• _Assignment_: With the pictures left out, transcribe exactly the lines from the one with "自助取餐区-小红车炸蛋葱油饼" through the end of the data.

::: Data

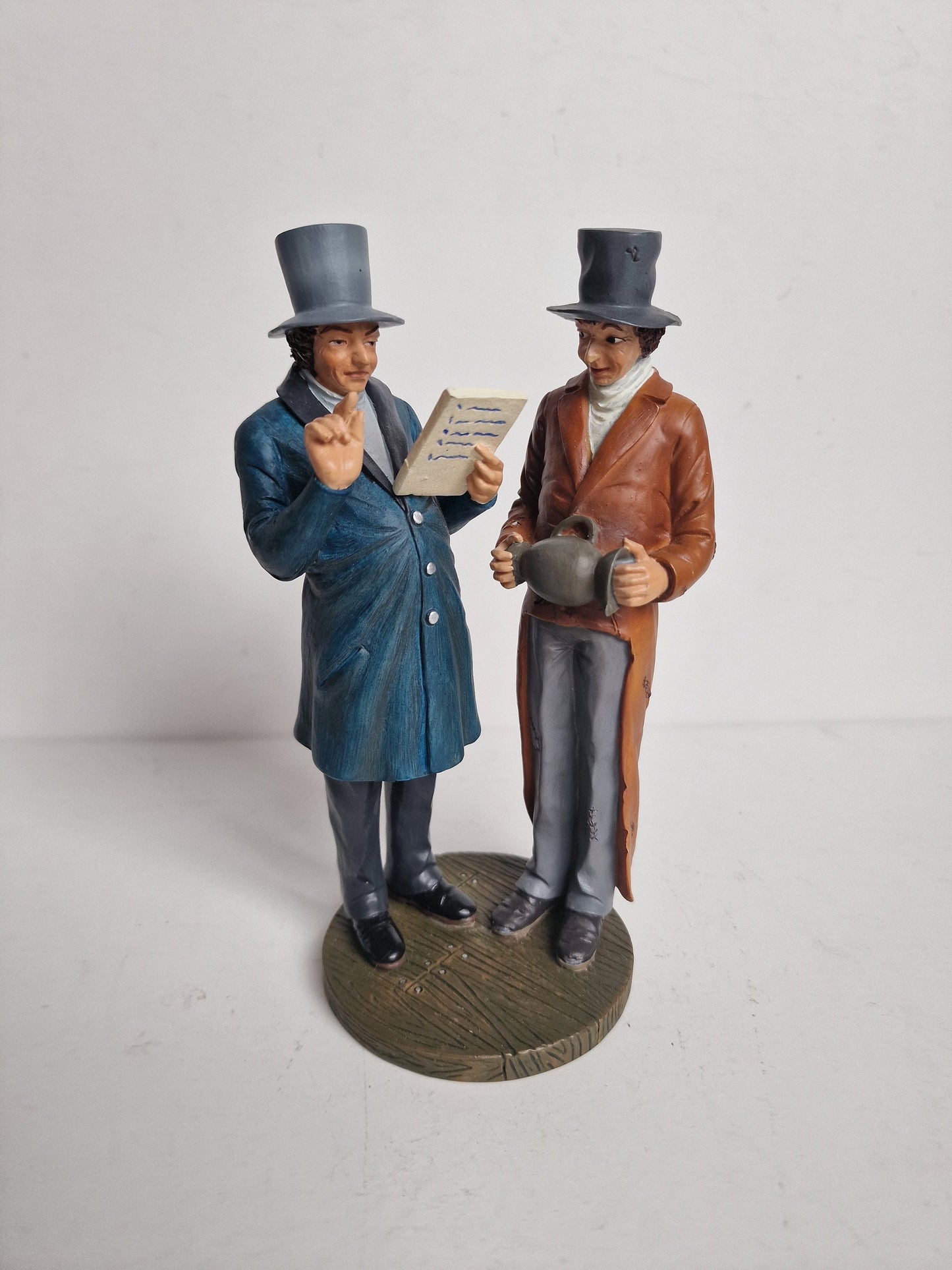 Honoré Daumier – De gerechtsdeurwaarder, mouseion museum figure, polystone, surrealism, limited edition retired deurwaarder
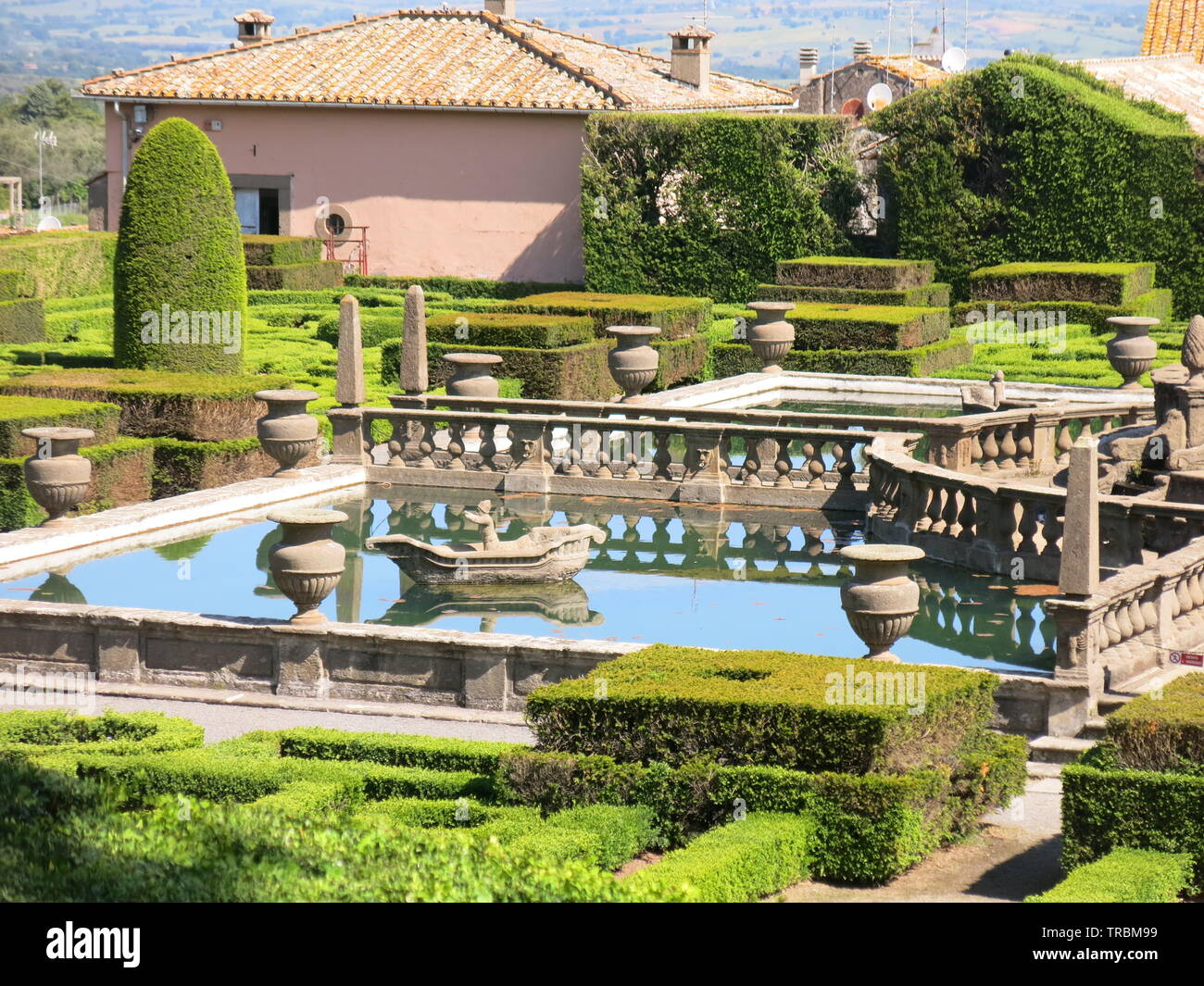 Blick auf die untere Terrasse oder quadrato am schönen Manieristische Garten der Villa Lante mit Pools, Skulptur, Hecken und Brunnen Stockfoto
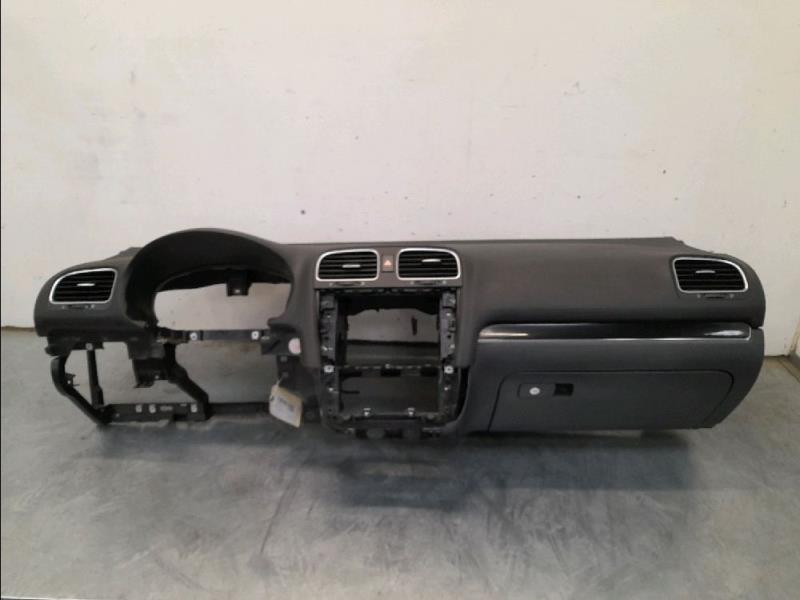 Planche de bord complete VOLKSWAGEN GOLF VI Diesel - 1
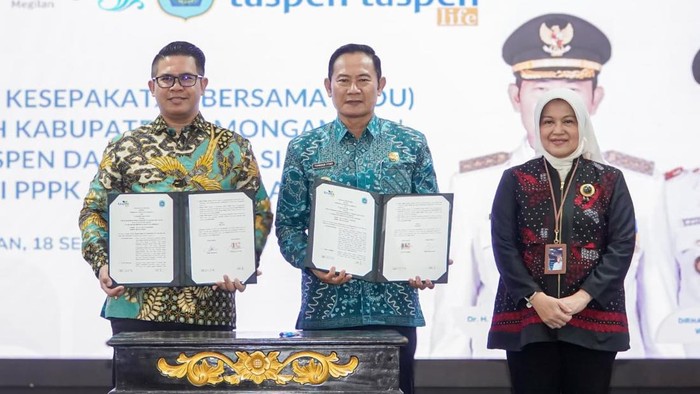 Bupati Lamongan Yuhronur Efendi saat penandatanganan MOU  dengan PT Asuransi Jiwa Taspen (Persero).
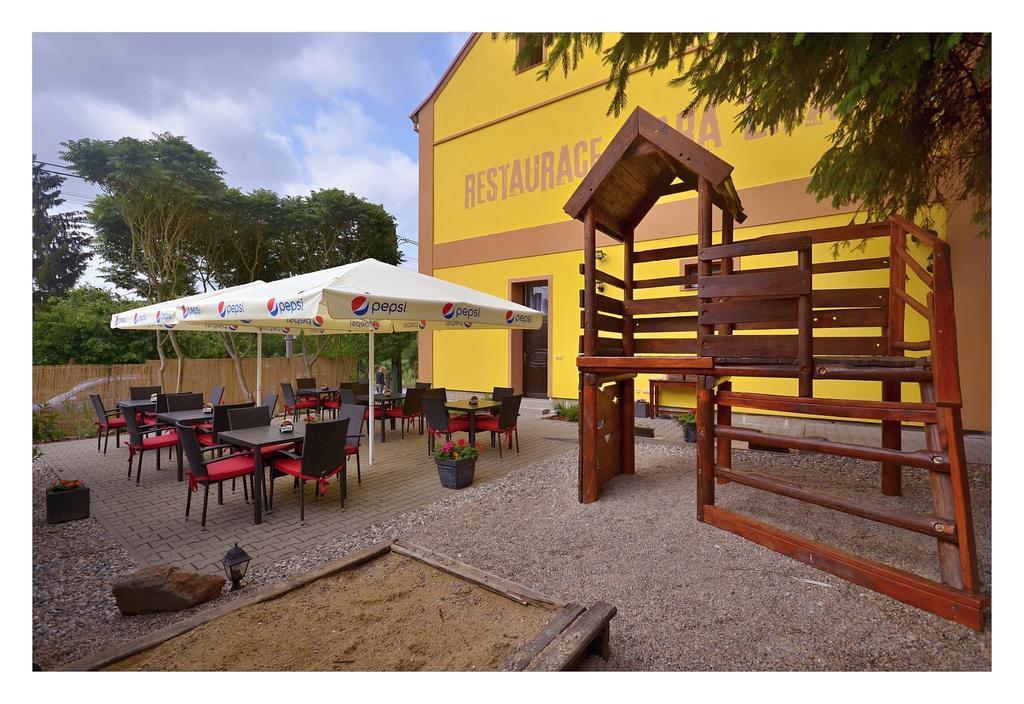 Hotel Restaurace Stará Lípa Česká Lípa Exterior foto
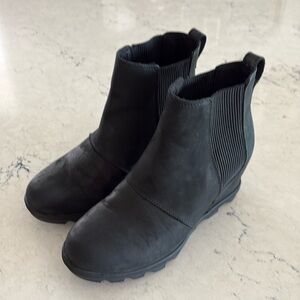 Sorel Joan of Arctic Wedge II Chelsea boot size 8.5
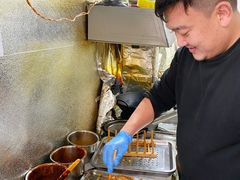 自助取餐区-小红车炸蛋葱油饼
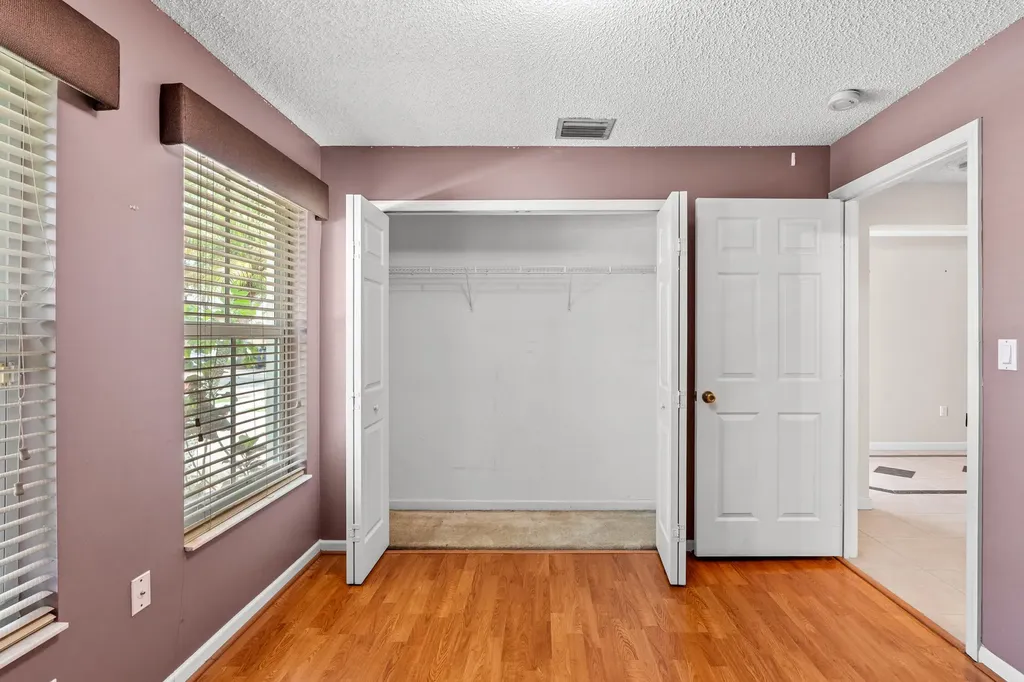 376 E Royal Cove Circle Davie FL 33325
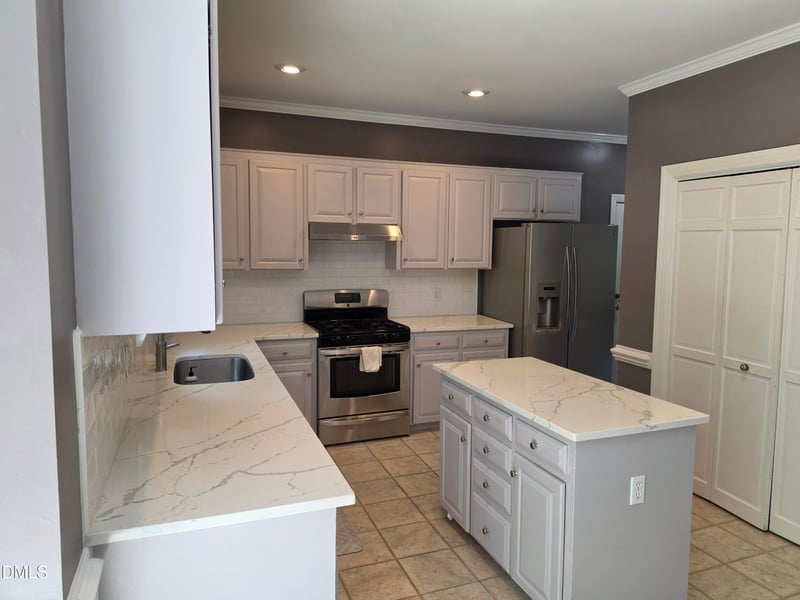 7701 Glenharden Dr, Raleigh, NC 27613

::::::

• _Reply to the exercise_:
 自助取餐区-小红车炸蛋葱油饼
 376 E Royal Cove Circle Davie FL 33325
 7701 Glenharden Dr, Raleigh, NC 27613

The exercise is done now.